*Provided data:*
* * * * * * * * *
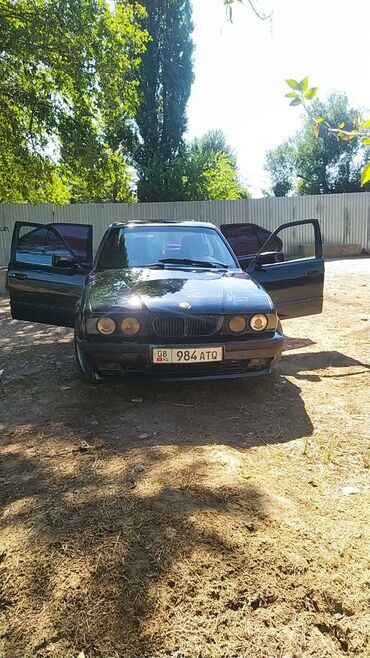 купить маленькую машину недорого: BMW 5 series: 1988 г., 2.5 л, Механика, Бензин, Седан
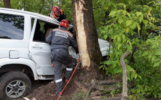 В Ярославле после ДТП с деревом спасли заблокированную пассажирку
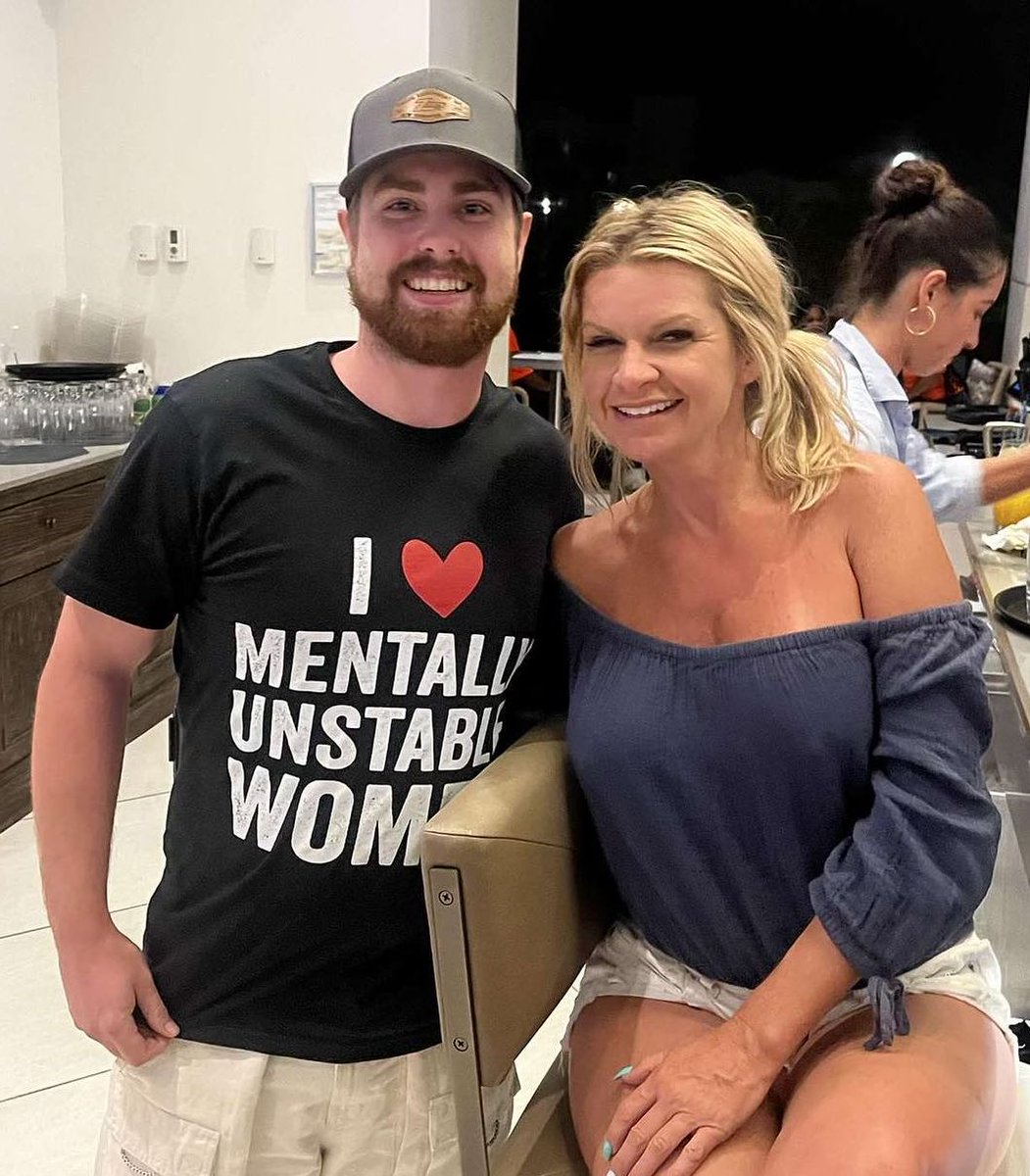 Trending Hard Shirts tweet media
* * * * * * * * *
*The problem:* Your task is to repeat only the lines from the line containing "В Ярославле после" through the final line of the material, inclusive; do not include pictures.

*Response box:*
 В Ярославле после ДТП с деревом спасли заблокированную пассажирку
 Trending Hard Shirts tweet media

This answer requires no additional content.